» **Work instruction**
Report every line below that holds the word "eyes".
◆ ◆ ◆ ◆ ◆
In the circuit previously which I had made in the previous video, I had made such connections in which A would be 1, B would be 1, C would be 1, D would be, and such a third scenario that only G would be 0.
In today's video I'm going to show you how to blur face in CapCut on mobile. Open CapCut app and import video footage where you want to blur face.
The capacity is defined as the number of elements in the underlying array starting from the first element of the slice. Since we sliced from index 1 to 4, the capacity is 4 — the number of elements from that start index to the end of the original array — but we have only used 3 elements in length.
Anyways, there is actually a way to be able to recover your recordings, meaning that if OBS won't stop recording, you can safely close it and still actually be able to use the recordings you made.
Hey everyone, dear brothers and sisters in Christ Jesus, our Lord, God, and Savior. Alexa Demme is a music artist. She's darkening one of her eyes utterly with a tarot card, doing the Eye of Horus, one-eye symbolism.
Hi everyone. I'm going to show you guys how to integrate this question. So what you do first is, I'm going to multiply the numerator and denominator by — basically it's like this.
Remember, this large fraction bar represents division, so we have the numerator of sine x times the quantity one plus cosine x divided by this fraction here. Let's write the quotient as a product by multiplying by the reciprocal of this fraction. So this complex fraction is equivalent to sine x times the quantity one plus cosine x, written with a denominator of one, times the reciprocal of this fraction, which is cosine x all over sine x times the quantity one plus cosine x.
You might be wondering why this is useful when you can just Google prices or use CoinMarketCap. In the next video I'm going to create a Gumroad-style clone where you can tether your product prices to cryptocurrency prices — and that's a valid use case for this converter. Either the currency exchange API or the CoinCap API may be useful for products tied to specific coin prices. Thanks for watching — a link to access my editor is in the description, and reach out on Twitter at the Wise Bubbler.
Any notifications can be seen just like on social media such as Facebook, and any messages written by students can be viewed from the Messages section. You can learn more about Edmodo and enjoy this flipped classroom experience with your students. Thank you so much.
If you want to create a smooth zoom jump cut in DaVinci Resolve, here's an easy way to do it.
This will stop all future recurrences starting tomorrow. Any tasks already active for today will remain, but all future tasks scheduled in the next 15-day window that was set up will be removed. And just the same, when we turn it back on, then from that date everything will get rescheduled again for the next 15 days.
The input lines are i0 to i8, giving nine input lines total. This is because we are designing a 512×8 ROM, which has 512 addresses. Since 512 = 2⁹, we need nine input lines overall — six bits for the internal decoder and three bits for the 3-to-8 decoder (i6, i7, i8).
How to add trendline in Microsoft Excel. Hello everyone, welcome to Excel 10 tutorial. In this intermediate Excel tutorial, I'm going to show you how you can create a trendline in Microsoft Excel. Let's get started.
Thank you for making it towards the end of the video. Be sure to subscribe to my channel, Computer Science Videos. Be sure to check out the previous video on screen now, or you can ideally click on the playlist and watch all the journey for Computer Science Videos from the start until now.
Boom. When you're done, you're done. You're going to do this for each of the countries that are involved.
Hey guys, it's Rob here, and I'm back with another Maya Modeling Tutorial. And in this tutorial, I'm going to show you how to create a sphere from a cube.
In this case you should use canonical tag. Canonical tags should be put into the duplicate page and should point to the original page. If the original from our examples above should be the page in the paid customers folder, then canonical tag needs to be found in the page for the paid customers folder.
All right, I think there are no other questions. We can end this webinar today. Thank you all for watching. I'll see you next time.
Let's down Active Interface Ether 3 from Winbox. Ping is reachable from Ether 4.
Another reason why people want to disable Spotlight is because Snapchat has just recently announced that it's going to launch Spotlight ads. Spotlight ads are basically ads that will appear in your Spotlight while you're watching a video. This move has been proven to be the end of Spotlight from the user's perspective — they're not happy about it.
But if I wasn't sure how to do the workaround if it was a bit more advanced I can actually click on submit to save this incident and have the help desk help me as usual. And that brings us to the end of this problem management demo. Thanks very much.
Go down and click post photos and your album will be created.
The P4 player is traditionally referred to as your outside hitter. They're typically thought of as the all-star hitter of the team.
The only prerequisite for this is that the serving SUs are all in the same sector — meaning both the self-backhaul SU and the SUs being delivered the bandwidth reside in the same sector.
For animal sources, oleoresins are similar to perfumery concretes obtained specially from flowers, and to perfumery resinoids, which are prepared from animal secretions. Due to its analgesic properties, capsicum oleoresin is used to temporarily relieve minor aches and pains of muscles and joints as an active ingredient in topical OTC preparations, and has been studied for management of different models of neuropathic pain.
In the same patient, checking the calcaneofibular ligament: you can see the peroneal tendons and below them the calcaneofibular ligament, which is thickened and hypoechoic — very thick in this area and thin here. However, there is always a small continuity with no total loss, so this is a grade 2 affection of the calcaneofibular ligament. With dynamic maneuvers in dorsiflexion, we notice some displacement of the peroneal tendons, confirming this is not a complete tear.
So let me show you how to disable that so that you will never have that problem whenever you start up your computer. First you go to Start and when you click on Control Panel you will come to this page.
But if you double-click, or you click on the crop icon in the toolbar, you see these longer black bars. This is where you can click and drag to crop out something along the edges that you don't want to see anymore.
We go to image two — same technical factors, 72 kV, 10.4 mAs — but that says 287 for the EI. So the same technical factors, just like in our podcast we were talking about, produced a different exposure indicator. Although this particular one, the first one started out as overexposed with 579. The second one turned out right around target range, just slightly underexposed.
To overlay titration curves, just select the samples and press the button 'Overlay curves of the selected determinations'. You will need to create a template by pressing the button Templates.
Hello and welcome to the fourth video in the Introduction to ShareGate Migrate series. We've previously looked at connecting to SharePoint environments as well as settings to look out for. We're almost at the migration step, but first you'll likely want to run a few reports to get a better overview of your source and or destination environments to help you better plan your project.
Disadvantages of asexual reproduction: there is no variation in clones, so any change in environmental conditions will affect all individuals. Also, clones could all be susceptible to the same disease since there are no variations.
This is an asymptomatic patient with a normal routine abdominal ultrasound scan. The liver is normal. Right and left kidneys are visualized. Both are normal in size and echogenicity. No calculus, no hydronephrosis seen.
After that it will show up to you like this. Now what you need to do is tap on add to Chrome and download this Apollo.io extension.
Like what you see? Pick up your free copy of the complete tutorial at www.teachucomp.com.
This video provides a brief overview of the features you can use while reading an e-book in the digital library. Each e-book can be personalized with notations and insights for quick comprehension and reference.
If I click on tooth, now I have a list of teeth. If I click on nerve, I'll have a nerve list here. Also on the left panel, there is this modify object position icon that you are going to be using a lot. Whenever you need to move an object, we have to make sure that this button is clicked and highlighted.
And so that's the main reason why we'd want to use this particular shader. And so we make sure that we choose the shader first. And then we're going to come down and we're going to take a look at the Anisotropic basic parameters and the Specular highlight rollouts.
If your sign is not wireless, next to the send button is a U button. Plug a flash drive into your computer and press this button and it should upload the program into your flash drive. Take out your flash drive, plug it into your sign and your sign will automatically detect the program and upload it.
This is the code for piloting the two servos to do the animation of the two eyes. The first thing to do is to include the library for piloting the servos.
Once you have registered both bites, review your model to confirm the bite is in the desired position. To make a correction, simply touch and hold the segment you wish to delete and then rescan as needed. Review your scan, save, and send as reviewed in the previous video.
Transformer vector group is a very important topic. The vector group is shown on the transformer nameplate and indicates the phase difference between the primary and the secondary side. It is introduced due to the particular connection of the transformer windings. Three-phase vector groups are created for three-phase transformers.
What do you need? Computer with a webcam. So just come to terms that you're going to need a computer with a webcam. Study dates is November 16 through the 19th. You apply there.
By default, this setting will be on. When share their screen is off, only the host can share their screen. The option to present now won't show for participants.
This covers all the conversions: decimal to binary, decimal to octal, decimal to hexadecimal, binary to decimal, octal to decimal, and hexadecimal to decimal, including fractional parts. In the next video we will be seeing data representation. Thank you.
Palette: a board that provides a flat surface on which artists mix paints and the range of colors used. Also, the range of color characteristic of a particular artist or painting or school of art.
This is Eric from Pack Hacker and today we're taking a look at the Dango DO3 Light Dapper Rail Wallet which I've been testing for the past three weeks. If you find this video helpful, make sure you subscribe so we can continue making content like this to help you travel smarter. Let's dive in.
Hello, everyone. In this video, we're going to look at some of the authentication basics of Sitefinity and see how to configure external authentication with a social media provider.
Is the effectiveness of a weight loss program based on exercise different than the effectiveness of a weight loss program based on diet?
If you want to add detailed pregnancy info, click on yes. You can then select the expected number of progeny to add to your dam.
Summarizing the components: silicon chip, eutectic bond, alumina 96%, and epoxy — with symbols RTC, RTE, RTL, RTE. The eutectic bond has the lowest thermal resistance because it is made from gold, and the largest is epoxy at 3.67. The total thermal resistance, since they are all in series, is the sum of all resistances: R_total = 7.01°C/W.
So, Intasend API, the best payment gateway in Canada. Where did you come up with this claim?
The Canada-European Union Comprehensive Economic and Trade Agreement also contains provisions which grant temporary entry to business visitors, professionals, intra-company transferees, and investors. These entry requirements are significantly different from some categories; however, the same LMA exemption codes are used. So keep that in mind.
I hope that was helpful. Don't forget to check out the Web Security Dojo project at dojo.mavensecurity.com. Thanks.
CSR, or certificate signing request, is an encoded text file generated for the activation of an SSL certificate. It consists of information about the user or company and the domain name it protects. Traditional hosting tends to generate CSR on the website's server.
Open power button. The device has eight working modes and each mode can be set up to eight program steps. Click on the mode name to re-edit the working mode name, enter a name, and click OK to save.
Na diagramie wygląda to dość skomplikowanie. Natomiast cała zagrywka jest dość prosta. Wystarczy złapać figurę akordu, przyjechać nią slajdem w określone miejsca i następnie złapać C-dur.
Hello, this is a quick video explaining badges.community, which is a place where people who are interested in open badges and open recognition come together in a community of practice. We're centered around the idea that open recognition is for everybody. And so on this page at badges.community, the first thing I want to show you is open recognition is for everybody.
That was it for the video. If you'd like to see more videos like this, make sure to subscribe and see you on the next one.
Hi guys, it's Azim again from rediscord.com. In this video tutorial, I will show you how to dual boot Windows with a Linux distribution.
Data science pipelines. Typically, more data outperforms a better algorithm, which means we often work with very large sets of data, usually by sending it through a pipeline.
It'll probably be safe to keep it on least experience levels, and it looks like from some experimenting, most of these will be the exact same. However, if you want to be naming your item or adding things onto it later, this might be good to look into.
◆ ◆ ◆ ◆ ◆
» **Response**
Hey everyone, dear brothers and sisters in Christ Jesus, our Lord, God, and Savior. Alexa Demme is a music artist. She's darkening one of her eyes utterly with a tarot card, doing the Eye of Horus, one-eye symbolism.
This is the code for piloting the two servos to do the animation of the two eyes. The first thing to do is to include the library for piloting the servos.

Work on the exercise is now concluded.